-- DATA EXTRACT --
▬▬▬
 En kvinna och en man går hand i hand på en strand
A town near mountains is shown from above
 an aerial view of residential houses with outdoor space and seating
▬▬▬
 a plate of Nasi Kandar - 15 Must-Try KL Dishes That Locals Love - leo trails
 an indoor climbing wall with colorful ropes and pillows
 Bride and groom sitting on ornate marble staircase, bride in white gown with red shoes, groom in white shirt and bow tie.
▬▬▬
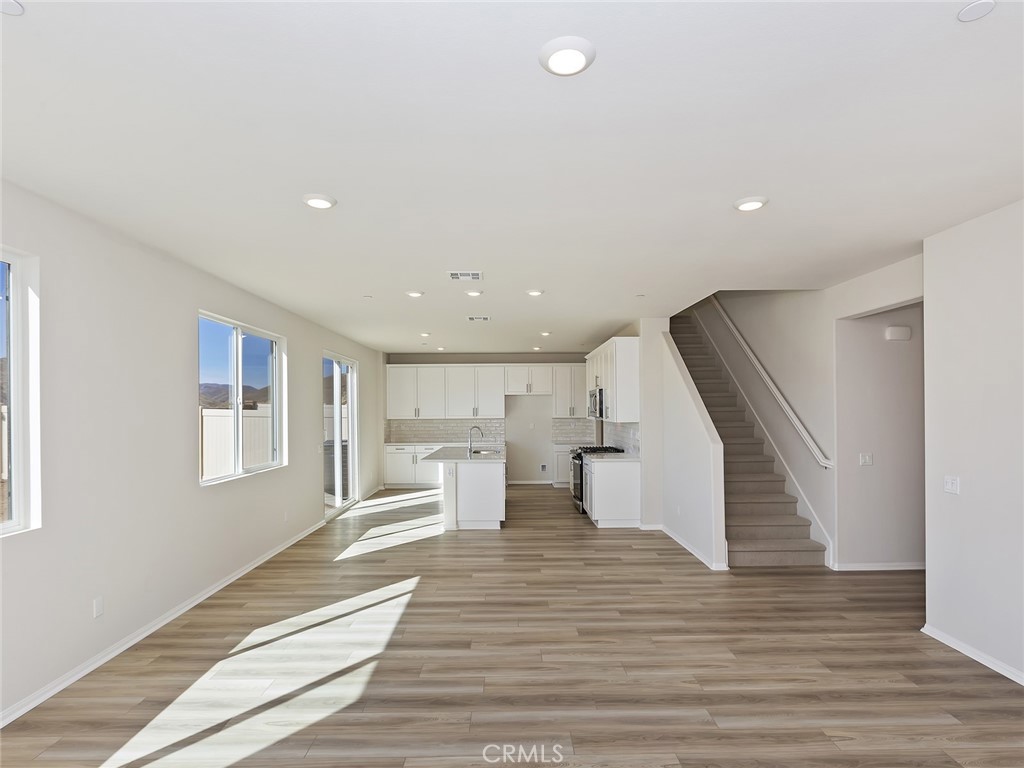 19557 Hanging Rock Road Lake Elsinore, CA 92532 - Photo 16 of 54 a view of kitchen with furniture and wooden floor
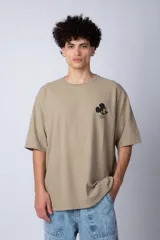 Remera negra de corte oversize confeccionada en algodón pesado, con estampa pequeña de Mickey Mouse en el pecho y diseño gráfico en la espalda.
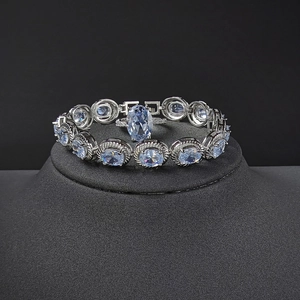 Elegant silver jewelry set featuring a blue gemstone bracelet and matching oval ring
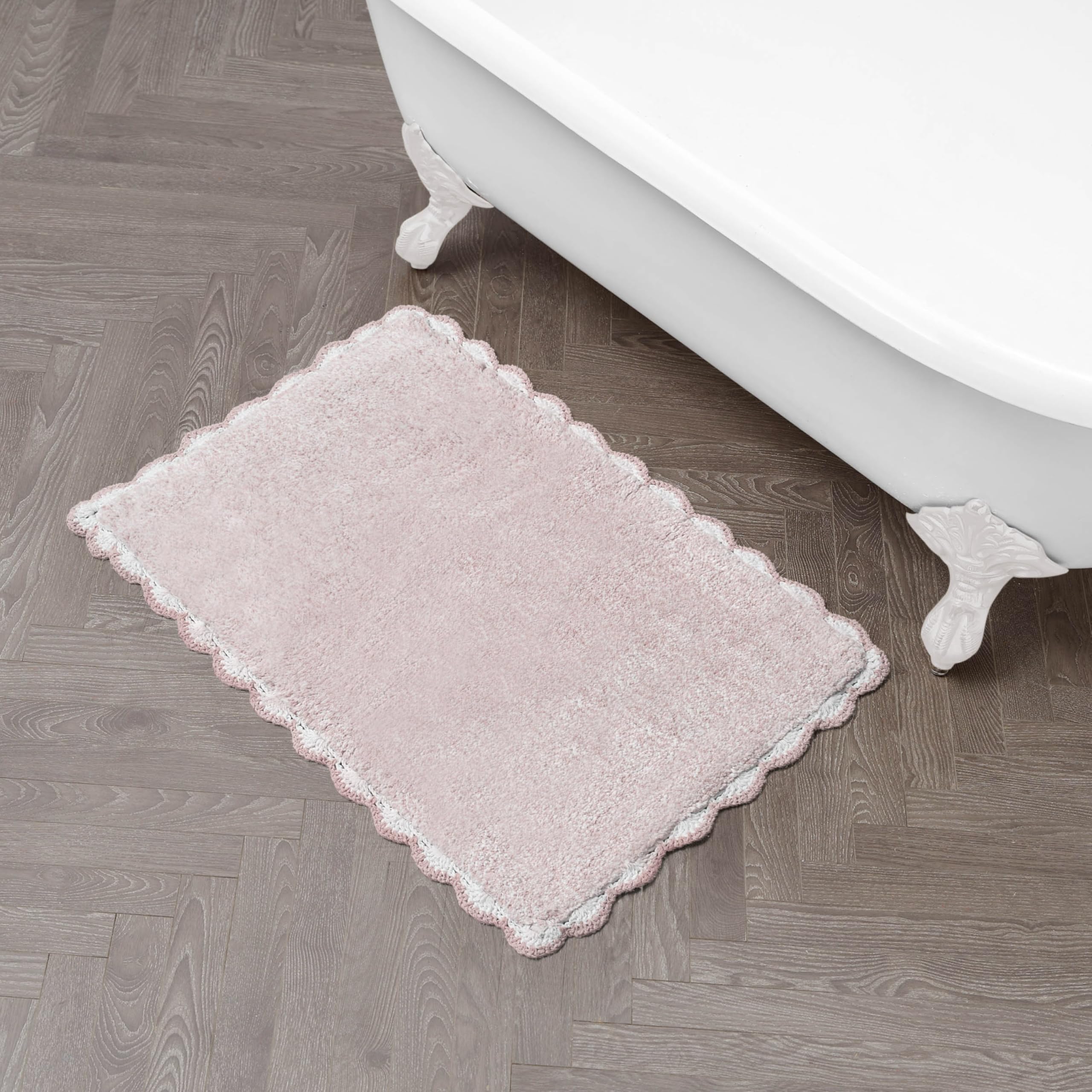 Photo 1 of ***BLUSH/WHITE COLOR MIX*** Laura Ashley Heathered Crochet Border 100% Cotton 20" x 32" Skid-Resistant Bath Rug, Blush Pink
▬▬▬
-- WORK INSTRUCTIONS --
Print the lines above from the one with "an indoor climbing" through the one with "Bride and groom", both included, exactly as written and nothing more.

-- ANSWER AREA --
 an indoor climbing wall with colorful ropes and pillows
 Bride and groom sitting on ornate marble staircase, bride in white gown with red shoes, groom in white shirt and bow tie.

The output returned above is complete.